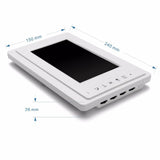 HD 7`` TFT Color Video door phone Intercom Doorbell System Kit IR Camera
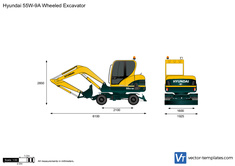 Hyundai 55W-9A Wheeled Excavator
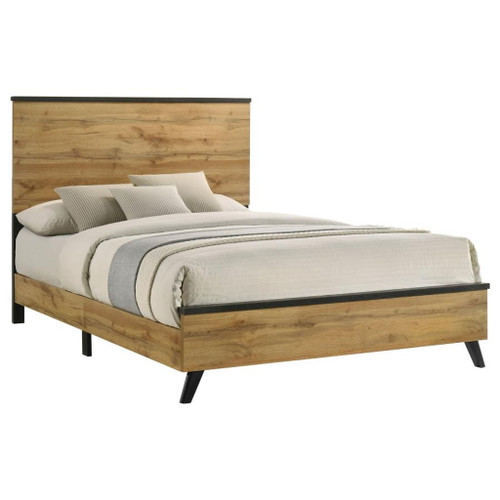 Kaywood - Full Panel Bed - Natural Pine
◇ ◇ ◇
Please write out the whole listing exactly, but not the pictures in it.

[Task result]:
 HD 7`` TFT Color Video door phone Intercom Doorbell System Kit IR Camera
 Hyundai 55W-9A Wheeled Excavator
 Kaywood - Full Panel Bed - Natural Pine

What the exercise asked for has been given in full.